-- Data below --
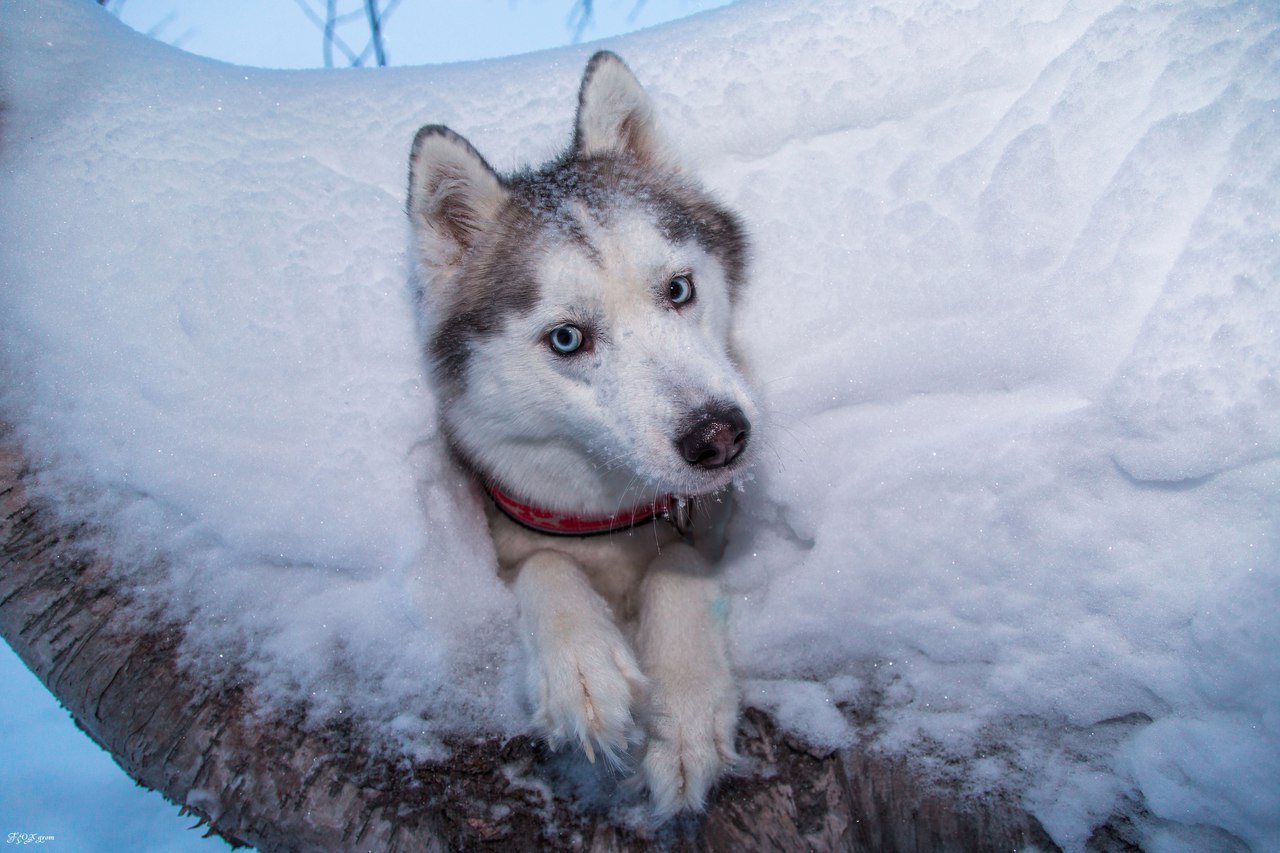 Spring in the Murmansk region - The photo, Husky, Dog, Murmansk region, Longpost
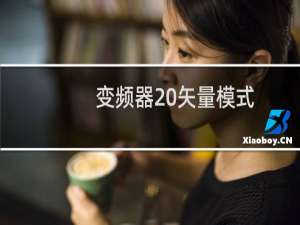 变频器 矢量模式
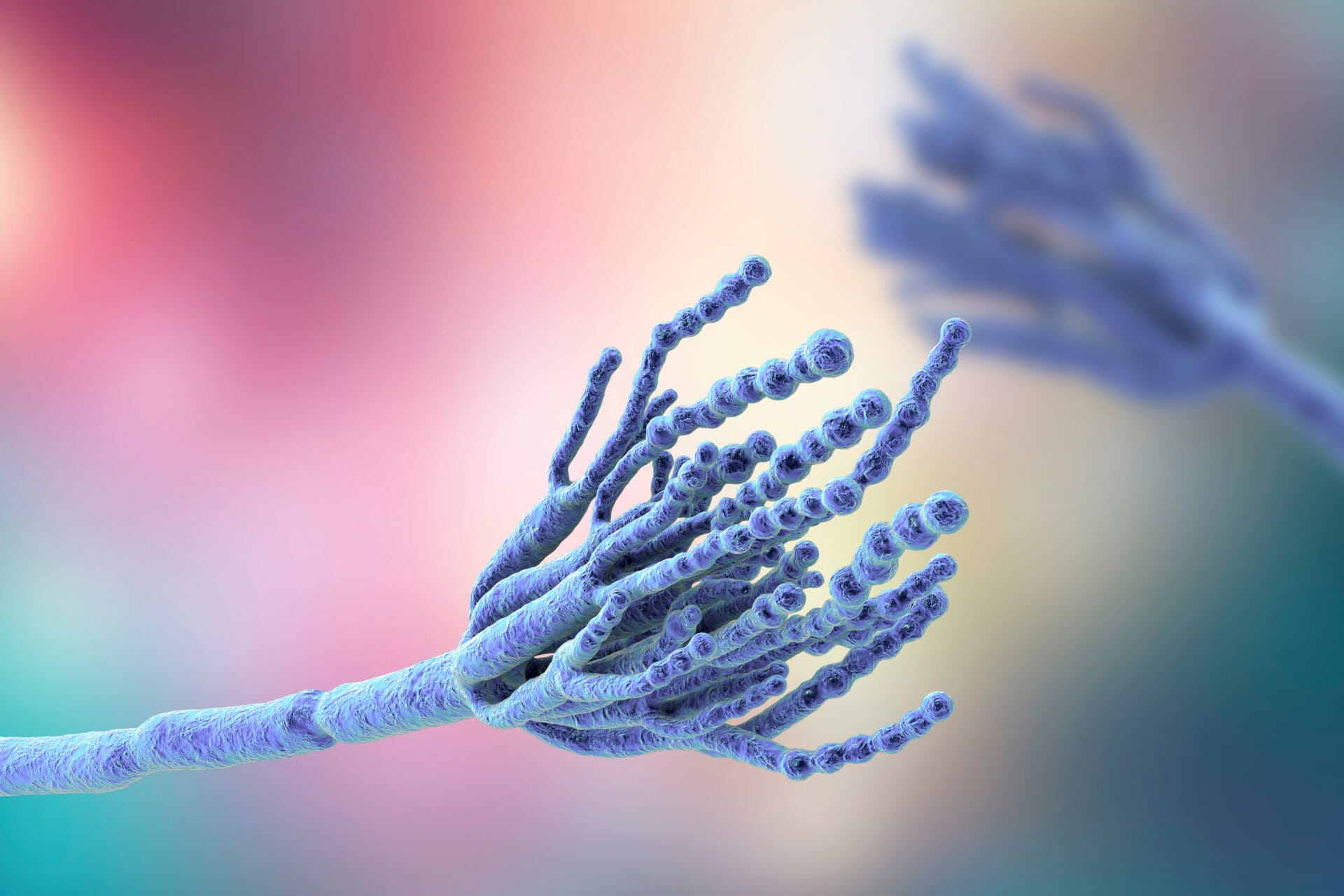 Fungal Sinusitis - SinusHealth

-- Exercise prompt --
Write the listing out again in full and unchanged, minus any pictures.

-- Written solution --
 Spring in the Murmansk region - The photo, Husky, Dog, Murmansk region, Longpost
 变频器 矢量模式
 Fungal Sinusitis - SinusHealth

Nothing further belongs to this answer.